Who is Required to Witness a Will? The Act requires that a will be witness by 2 competent
witnesses.
Competent witness = Any person above the age of 14 years who is not incompetent to give
evidence in a court of law.
 Section 4A of the Act stipulates that a witness to a will, and his or her spouse at the time of
witnessing, lacks capacity to inherit under that will. If a beneficiary witnesses the will he or
she is deprived of his or her inheritance (they do not lack the capacity to be a witness!!).
The Meaning of a Witness: There are 2 aspects to the witnessing of a will:
1. The physical presence while the testator, or amanuensis, signs; and
2. The actual signing of the will by the witnesses themselves.
Two competent witnesses, both present at the same time, must be present when the testator, or
amanuensis, signs each page of the will.
 If an amanuensis signs, then the testator must be present too.

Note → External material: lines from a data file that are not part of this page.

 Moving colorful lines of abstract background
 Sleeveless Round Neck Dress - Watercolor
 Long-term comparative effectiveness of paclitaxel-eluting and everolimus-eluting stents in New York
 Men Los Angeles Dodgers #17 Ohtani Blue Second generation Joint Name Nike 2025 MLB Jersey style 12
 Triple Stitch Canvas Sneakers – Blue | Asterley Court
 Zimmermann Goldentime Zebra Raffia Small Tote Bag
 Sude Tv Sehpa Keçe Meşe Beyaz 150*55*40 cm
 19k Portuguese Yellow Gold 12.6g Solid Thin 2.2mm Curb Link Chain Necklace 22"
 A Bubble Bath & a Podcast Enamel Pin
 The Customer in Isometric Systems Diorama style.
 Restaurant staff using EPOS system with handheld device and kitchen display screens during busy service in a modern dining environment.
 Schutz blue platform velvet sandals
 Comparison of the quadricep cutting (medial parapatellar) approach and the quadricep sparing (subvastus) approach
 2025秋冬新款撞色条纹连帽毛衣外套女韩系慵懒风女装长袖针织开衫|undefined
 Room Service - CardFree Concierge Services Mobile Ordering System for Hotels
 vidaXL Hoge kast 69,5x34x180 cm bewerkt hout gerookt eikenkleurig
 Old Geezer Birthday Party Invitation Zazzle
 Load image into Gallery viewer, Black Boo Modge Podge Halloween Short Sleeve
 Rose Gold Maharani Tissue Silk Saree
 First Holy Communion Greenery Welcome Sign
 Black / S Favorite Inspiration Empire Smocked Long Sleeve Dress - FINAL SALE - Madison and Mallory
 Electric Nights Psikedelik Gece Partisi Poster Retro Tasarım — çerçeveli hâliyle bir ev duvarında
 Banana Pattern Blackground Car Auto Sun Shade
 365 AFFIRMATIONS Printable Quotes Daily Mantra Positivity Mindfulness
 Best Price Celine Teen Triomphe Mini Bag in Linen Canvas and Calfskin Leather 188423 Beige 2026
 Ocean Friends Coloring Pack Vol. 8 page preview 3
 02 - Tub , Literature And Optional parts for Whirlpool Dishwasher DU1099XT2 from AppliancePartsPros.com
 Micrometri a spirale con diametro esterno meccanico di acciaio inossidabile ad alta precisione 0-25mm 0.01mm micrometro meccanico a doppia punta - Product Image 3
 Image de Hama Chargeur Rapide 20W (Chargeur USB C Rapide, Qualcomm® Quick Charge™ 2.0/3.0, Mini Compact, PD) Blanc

Alternatively, if one or
both witnesses are not present when the testator signs, then the testator must
acknowledge his or her signature in the presence of both witnesses after such signing.
 In addition to being present, the witnesses themselves must sign the will.
 Where the testator has executed a will comprising two or more pages as a single
juristic act, the same two witnesses who attest and sign the last page of the will must
be present as witnesses to the testator's signature of the earlier pages.
Liebenberg v The Master: This was a case involving a one-page will which the witnesses had signed
near the top of the page, the Court held that witnesses need not sign near or below the testator's
signature, but may sign anywhere on the page. However, the witnesses' signatures must not appear
where the testator's signature ought to be at the end of the will because this would result in a failure by
the testator to sign in the correct place.